Raw data
•••
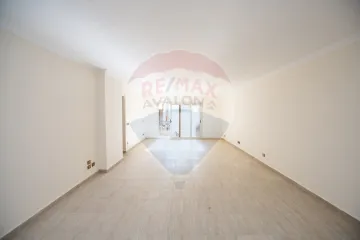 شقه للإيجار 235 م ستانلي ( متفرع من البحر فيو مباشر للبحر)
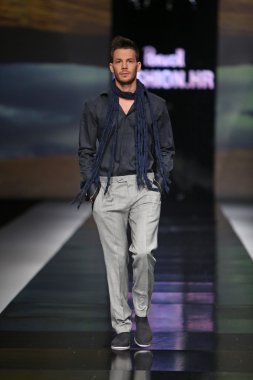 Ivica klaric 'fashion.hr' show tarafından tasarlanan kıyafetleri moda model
•••
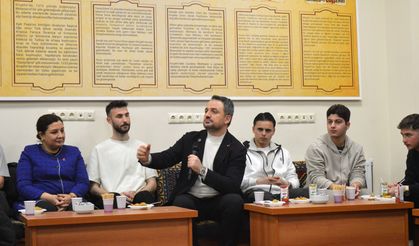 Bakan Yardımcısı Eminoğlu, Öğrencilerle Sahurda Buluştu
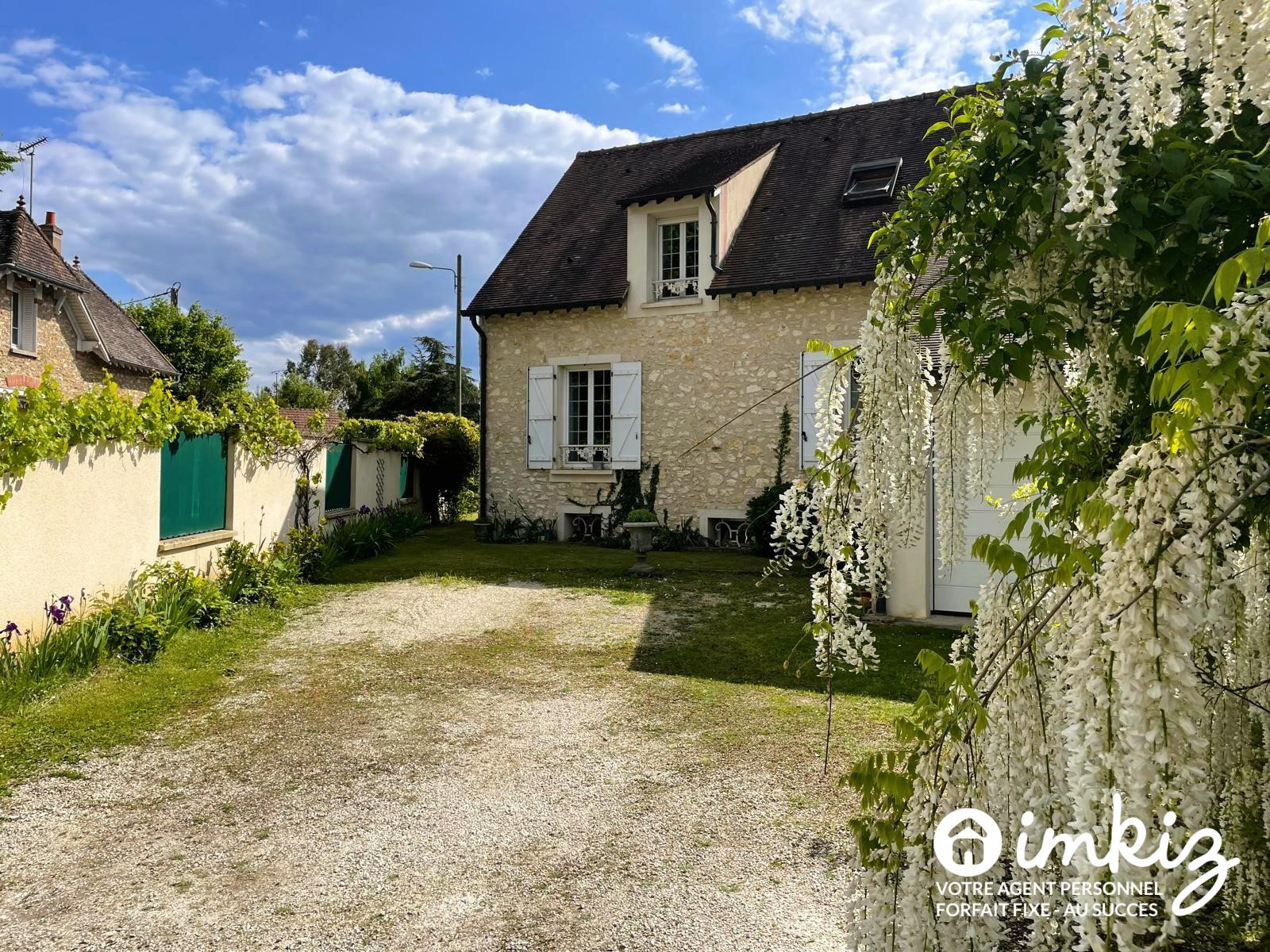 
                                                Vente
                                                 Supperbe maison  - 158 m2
•••
Task to complete
For this exercise, reproduce exactly the lines of the records above from the one with "شقه للإيجار 235" up to and including the one with "Ivica klaric 'fashion.hr'", without pictures.

Solution to this task
 شقه للإيجار 235 م ستانلي ( متفرع من البحر فيو مباشر للبحر)
 Ivica klaric 'fashion.hr' show tarafından tasarlanan kıyafetleri moda model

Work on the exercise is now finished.